Stored entries:
▬▬▬▬▬▬▬▬▬▬

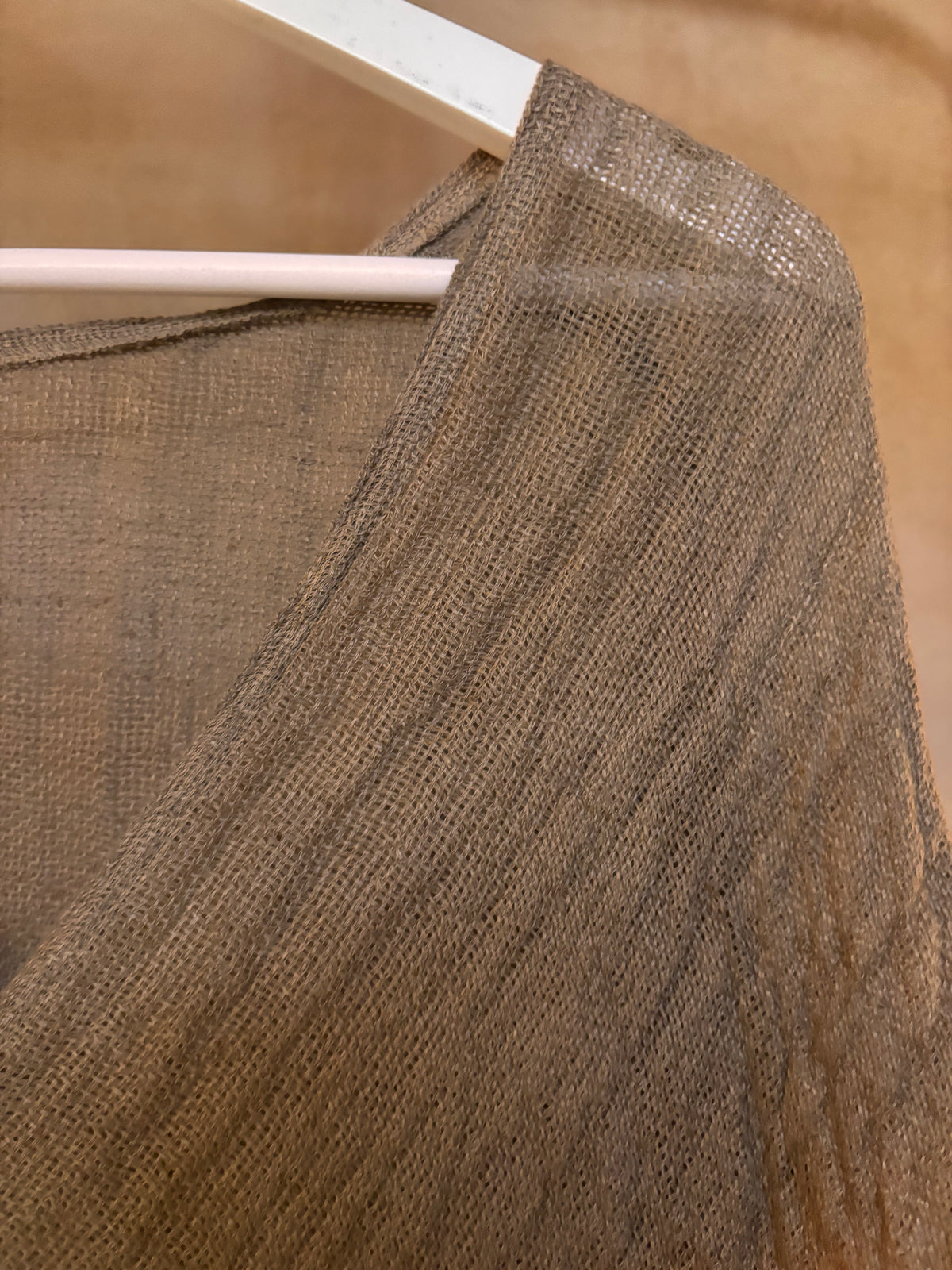 Arielle: Italian Linen Poncho, One Size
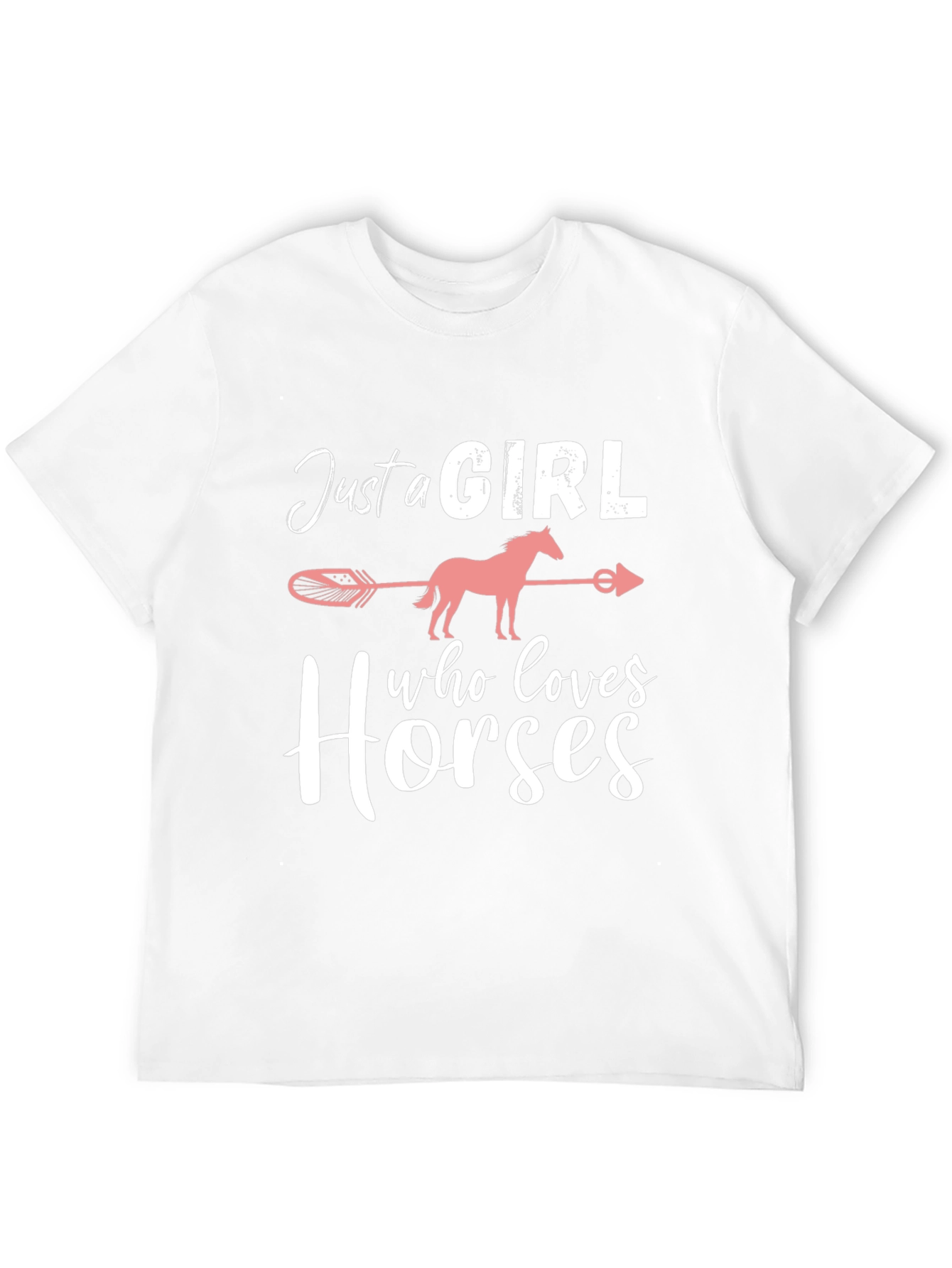 Just a Girl Who Loves Horses T-Shirt
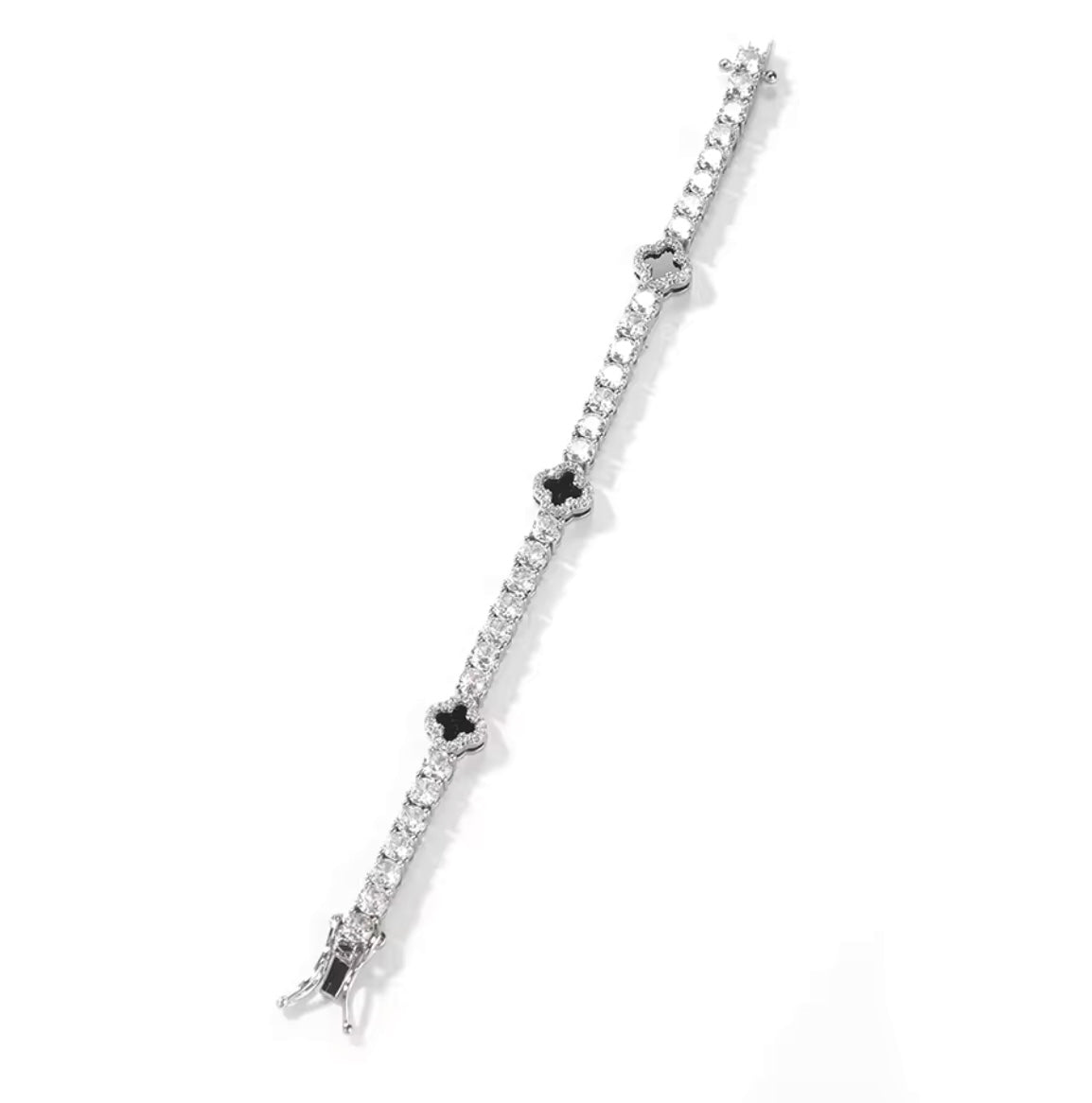 4mm Clover Tennis Bracelet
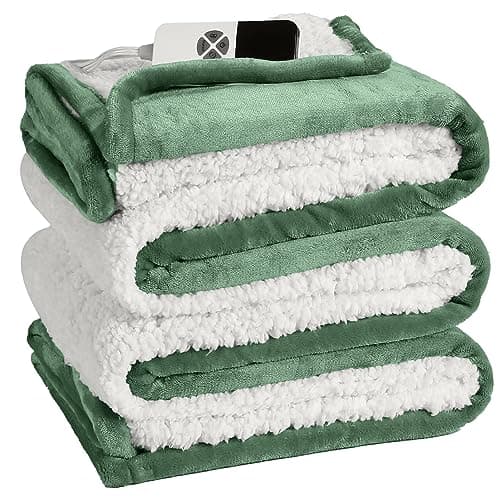 ESTINGO Heated Blanket Full Size, Full Electric Blanket with 6 Heating Levels & 1-10 Hours Adjustable Timer, Fast Heating Blanket with Full Body Warming, Overheating Protection, 72"x84", Hunter Green 6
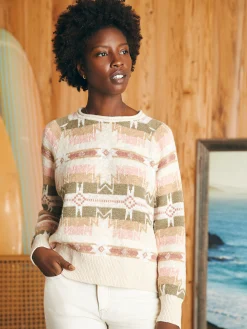 Women Faherty Brand Sweaters*Doug Good Feather Cotton Slub Pullover -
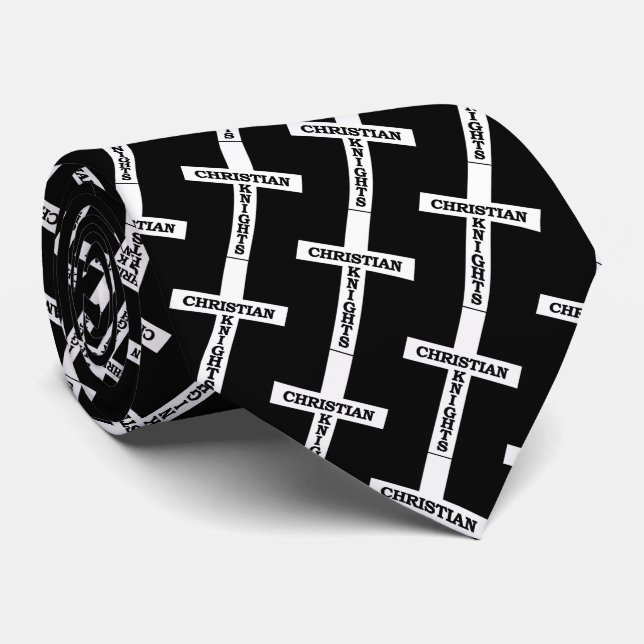 Christian Knights Neck Tie (Rolled)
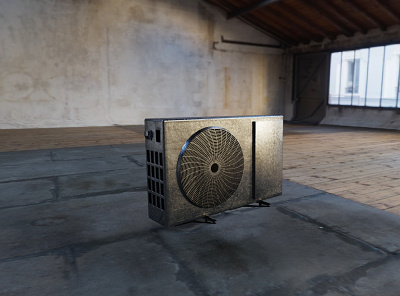 Air Conditioning Compressor 3d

▬▬▬▬▬▬▬▬▬▬

WHAT NEEDS TO BE DONE:
The records above, minus their pictures, are to be returned verbatim.

REPLY TO THE TASK:
 Arielle: Italian Linen Poncho, One Size
 Just a Girl Who Loves Horses T-Shirt
 4mm Clover Tennis Bracelet
 ESTINGO Heated Blanket Full Size, Full Electric Blanket with 6 Heating Levels & 1-10 Hours Adjustable Timer, Fast Heating Blanket with Full Body Warming, Overheating Protection, 72"x84", Hunter Green 6
 Women Faherty Brand Sweaters*Doug Good Feather Cotton Slub Pullover -
 Christian Knights Neck Tie (Rolled)
 Air Conditioning Compressor 3d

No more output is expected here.